Si vos personnages existent autant, c’est aussi par vos acteurs. Comment les avez-vous choisis ?
C’est une aventure différente pour chacun d’eux. Je ne vais pas rentrer dans le détail ici, mais c’est souvent un long processus. Il faut que je rêve à tel comédien pour tel personnage et que de notre relation naisse un nouveau personnage, celui qui habitera le film.
Le personnage de Vimala Pons dans votre film peut rappeler un peu celui qu’elle jouait dans La Fille du 14 juillet d’Antonin Peretjatko, elle est assez insaisissable et multiple. C’est en voyant ce film que vous avez pensé à elle ?
Non pas vraiment. Avant de rencontrer Vimala, j’avais organisé un long et éprouvant casting. Je déteste cette étape de travail et souvent je parviens à m’en passer, mais là, je ne trouvais personne de convaincant pour ce rôle. Lorsque Vimala a passé les essais, c’était une évidence…
Eric Cantona est très bon dans votre film. Il est facile à diriger ?
C’est un immense plaisir de travailler avec lui, parce qu’il est extrêmement consciencieux et exigeant. A partir du moment où la confiance est là – et elle était là dès le premier jour de tournage – les choses sont évidentes.
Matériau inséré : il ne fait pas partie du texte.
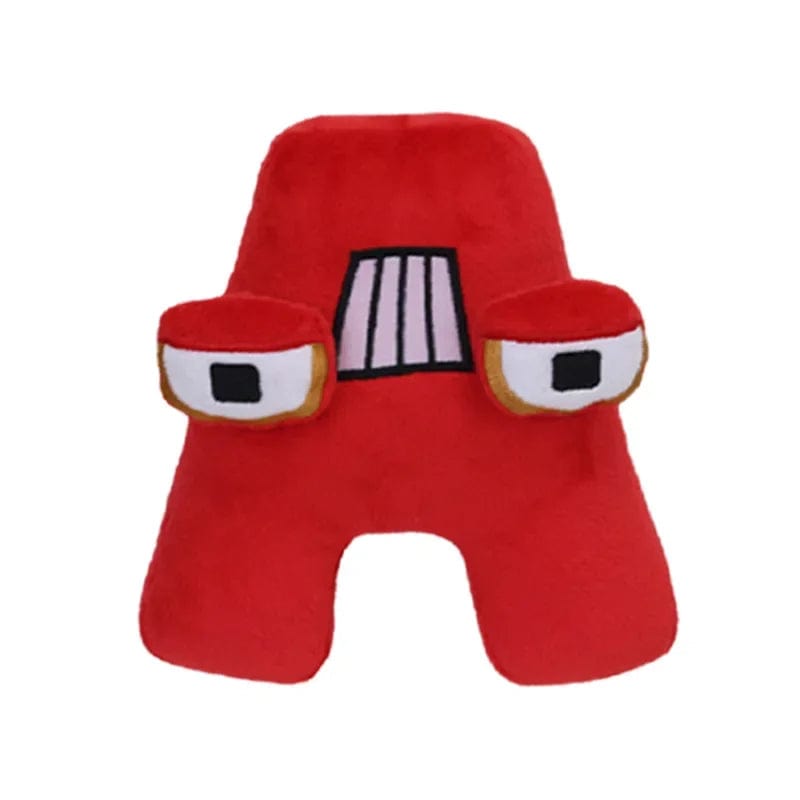 Planet Gates Alphabet Lore Plush Toys Anime Doll Kawaii 26 English Letters Stuffed Toys Kids Enlightenment Montessori Plush Toy Doll Gifts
Comment s’est passé le travail sur la musique avec Sébastien Tellier, vous aviez déjà des idées ou l’avez-vous laissé libre ?
Je lui ai demandé d’écrire à partir de sa lecture du scénario de rêver le film et de le mettre en musique. Nous avions des références communes et la volonté de faire une partition où la musique pourrait prendre toute la place dont elle a besoin pour s’envoler. Ce qu’il m’a fait écouter la première fois était si proche de ce que j’imaginais, que le reste du travail n’a été qu’ajustements.